Caption-style text data

____

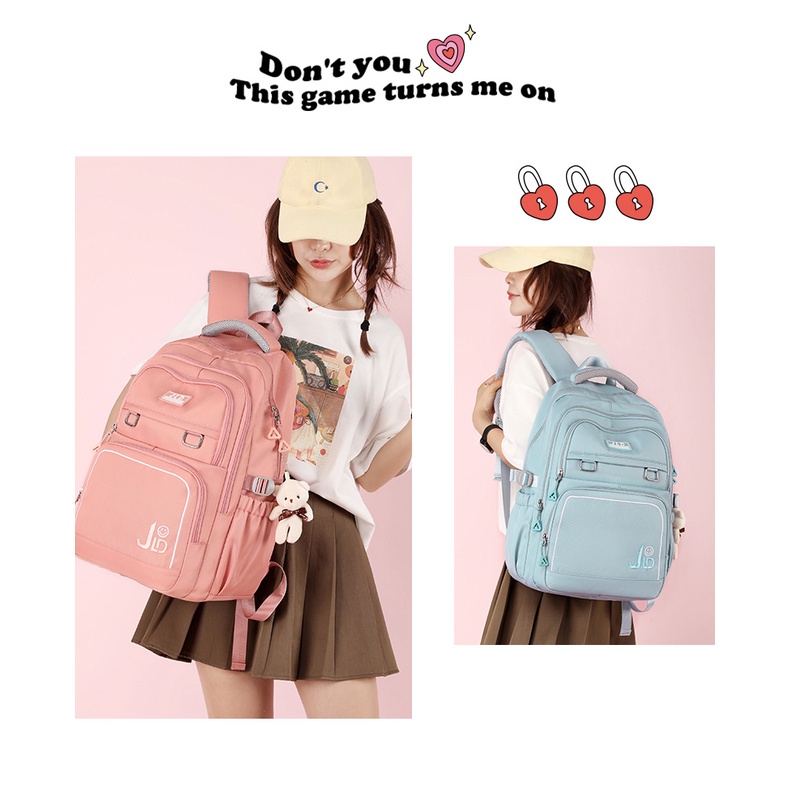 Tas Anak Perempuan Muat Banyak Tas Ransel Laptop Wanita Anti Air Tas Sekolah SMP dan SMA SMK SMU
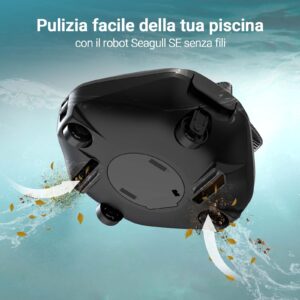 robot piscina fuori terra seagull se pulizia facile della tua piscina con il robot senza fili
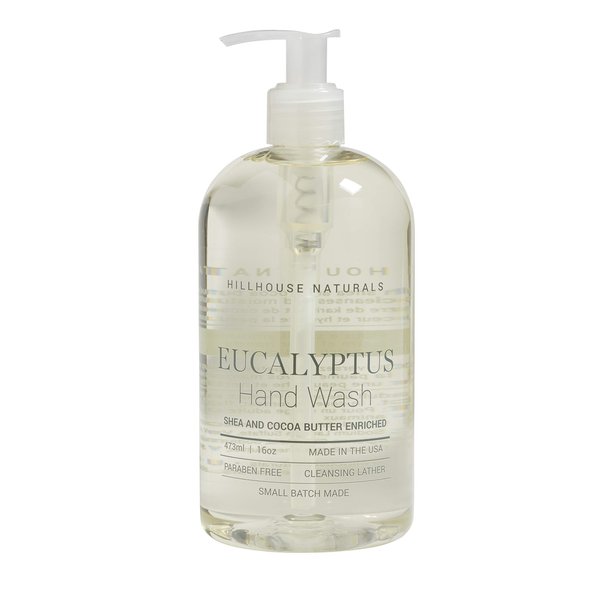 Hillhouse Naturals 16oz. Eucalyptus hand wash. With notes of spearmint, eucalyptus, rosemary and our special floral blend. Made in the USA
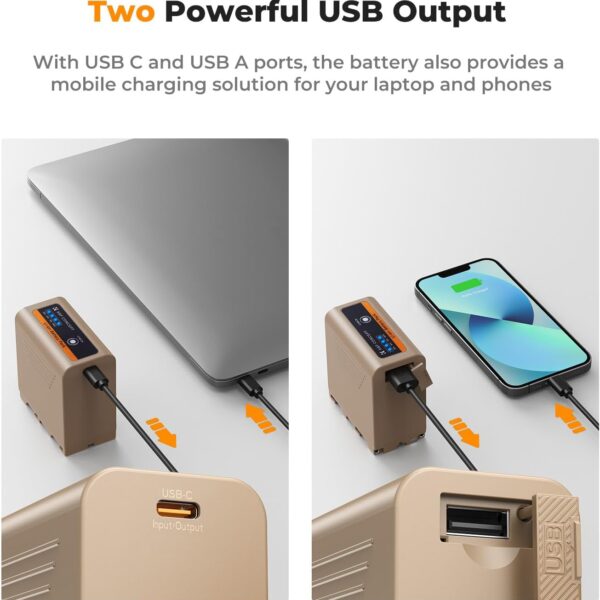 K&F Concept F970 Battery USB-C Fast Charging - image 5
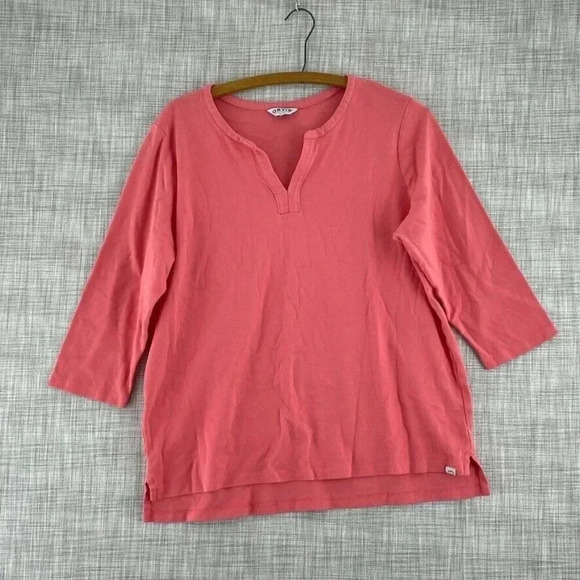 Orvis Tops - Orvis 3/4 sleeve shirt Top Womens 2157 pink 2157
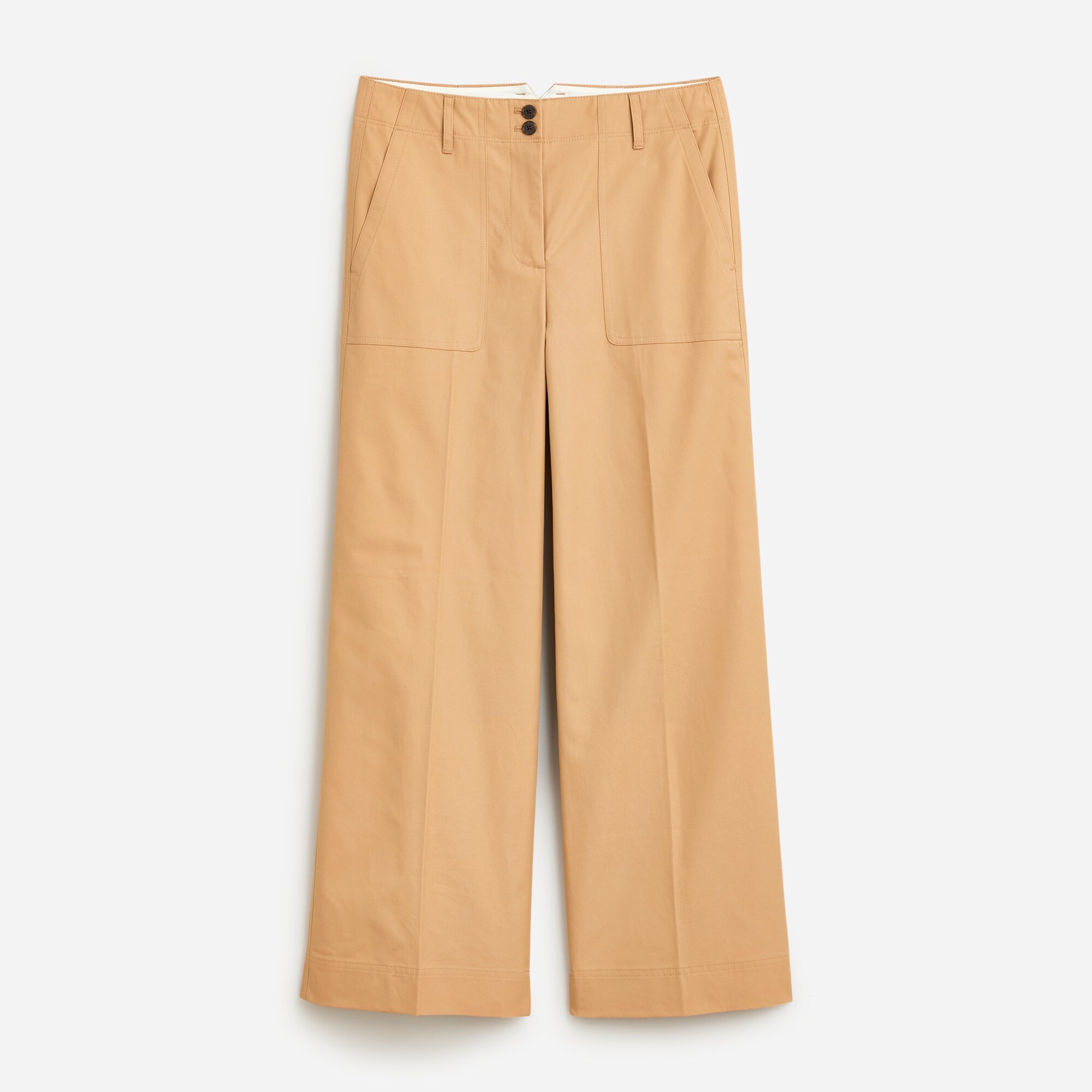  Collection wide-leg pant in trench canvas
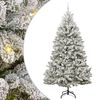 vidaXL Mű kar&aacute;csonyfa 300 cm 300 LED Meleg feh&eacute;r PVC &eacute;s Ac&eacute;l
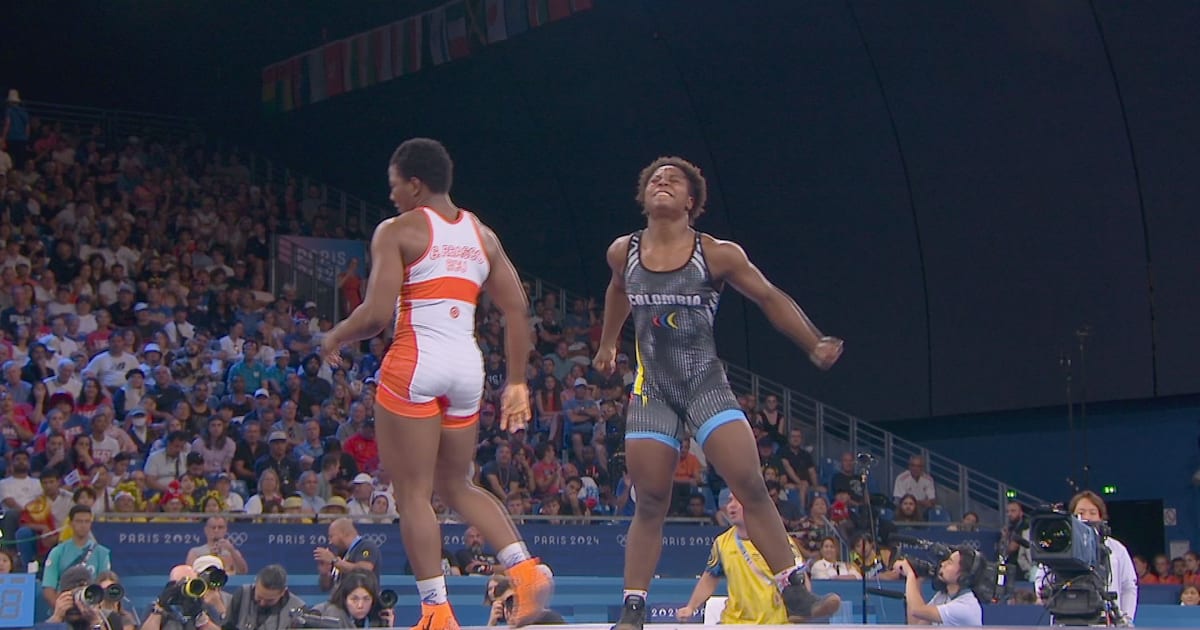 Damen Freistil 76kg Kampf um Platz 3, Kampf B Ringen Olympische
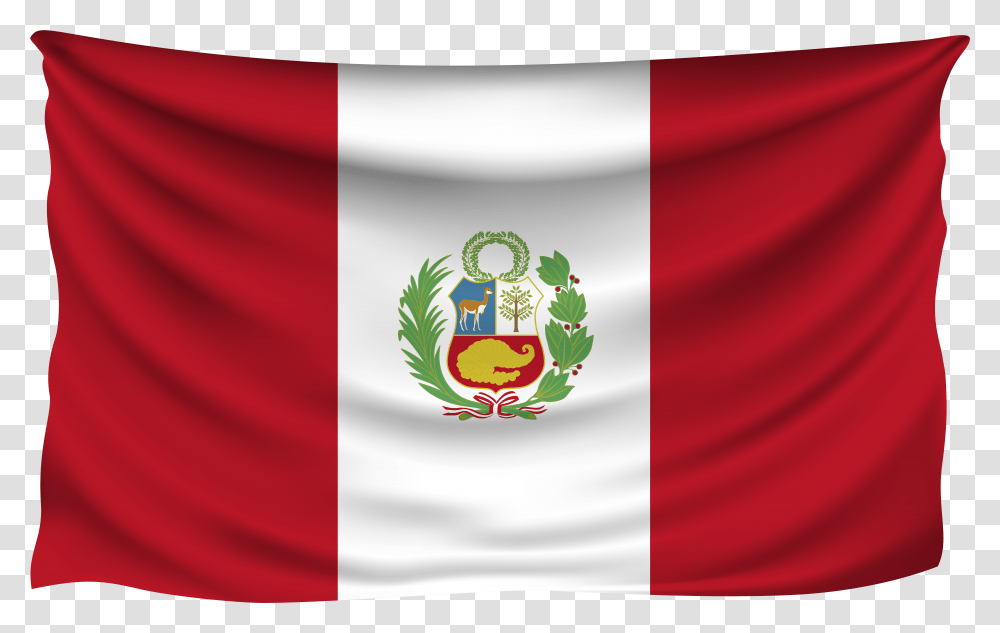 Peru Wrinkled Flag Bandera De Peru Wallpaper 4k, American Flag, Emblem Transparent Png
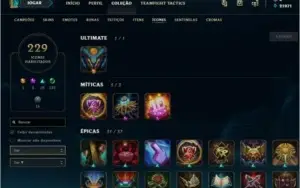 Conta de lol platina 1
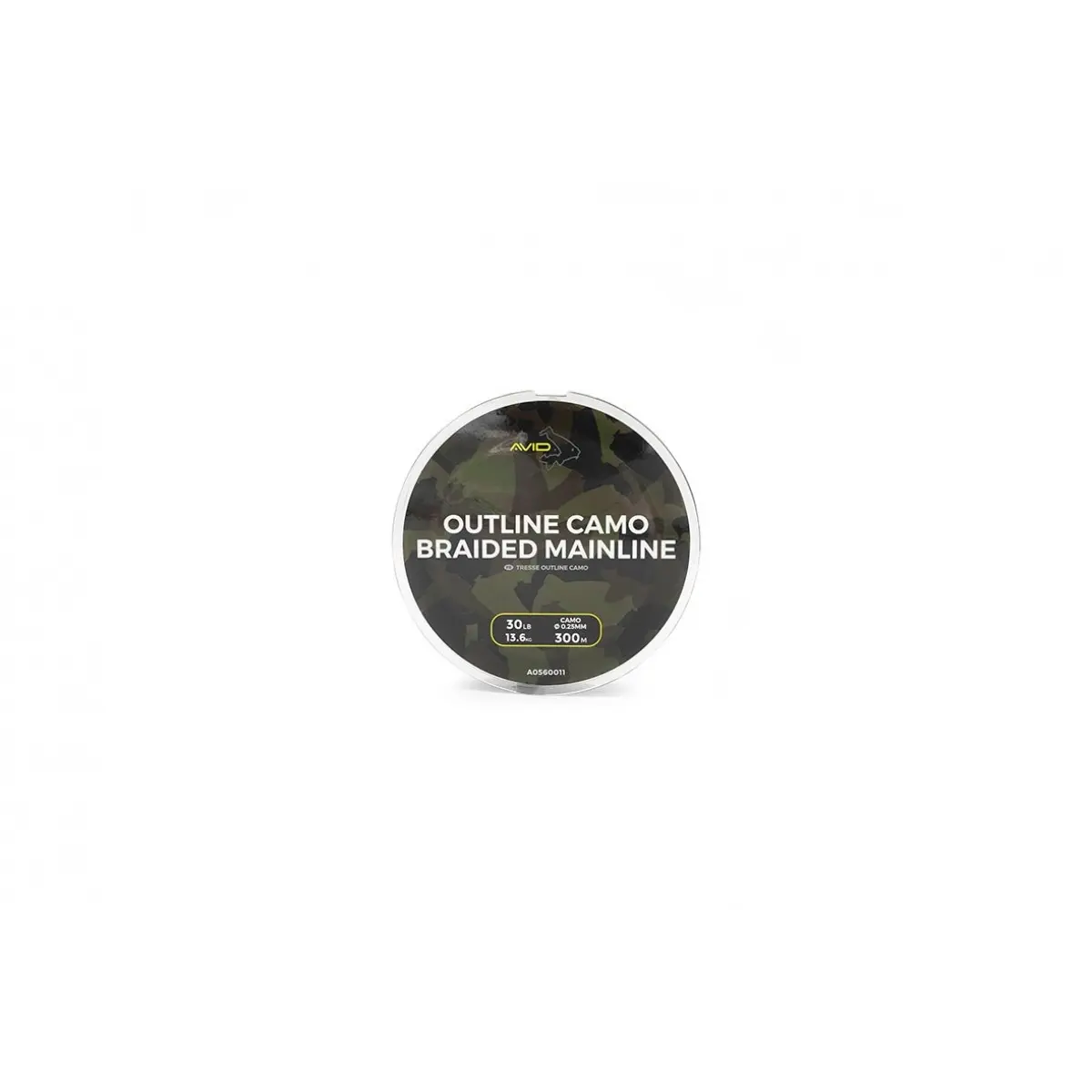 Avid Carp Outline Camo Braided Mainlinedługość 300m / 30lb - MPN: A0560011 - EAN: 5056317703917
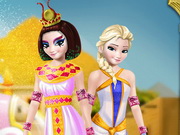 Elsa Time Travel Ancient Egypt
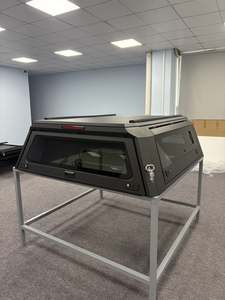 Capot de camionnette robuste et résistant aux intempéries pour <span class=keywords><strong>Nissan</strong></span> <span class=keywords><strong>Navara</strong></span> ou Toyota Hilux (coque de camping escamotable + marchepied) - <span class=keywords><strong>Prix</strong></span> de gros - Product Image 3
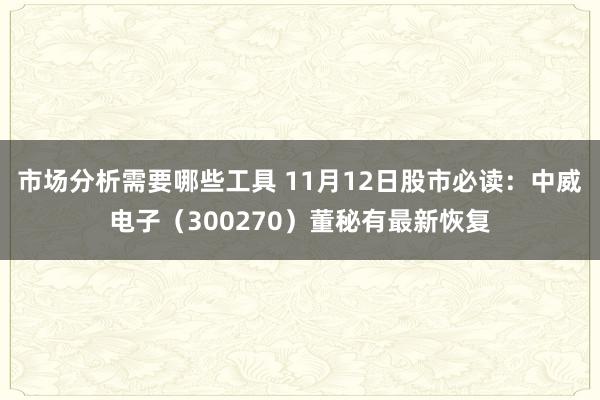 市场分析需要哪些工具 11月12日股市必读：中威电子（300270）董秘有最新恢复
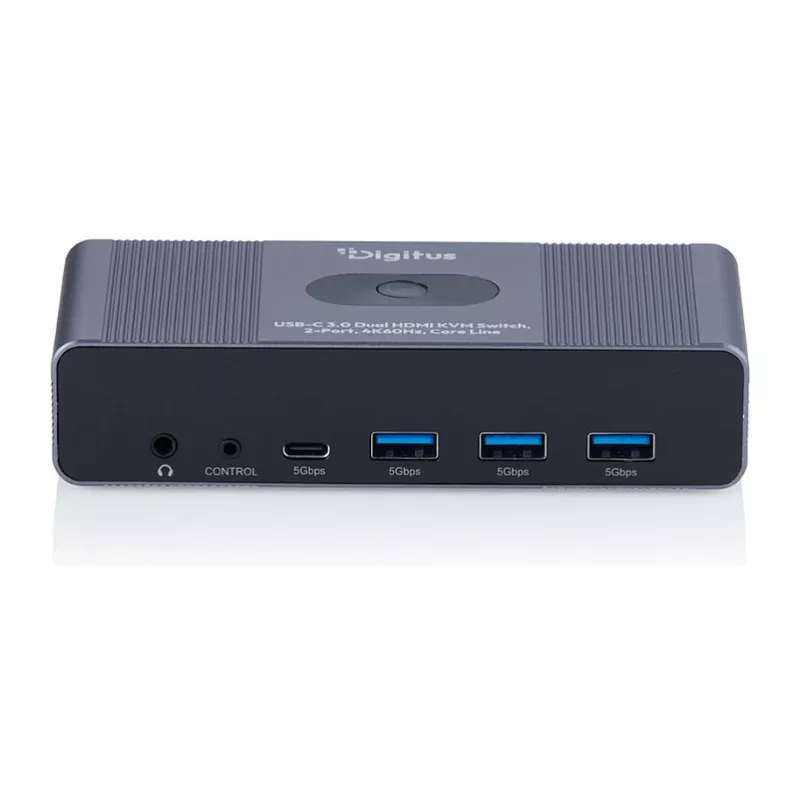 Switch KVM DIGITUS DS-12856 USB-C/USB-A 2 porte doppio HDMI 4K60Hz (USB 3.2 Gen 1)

____

BRIEF
The answer must consist solely of the lines from the line containing "Conta de lol platina 1" to the end of the data, reproduced exactly, with every picture left out.

RESPONSE
 Conta de lol platina 1
 Avid Carp Outline Camo Braided Mainlinedługość 300m / 30lb - MPN: A0560011 - EAN: 5056317703917
 Elsa Time Travel Ancient Egypt
 Capot de camionnette robuste et résistant aux intempéries pour <span class=keywords><strong>Nissan</strong></span> <span class=keywords><strong>Navara</strong></span> ou Toyota Hilux (coque de camping escamotable + marchepied) - <span class=keywords><strong>Prix</strong></span> de gros - Product Image 3
 市场分析需要哪些工具 11月12日股市必读：中威电子（300270）董秘有最新恢复
 Switch KVM DIGITUS DS-12856 USB-C/USB-A 2 porte doppio HDMI 4K60Hz (USB 3.2 Gen 1)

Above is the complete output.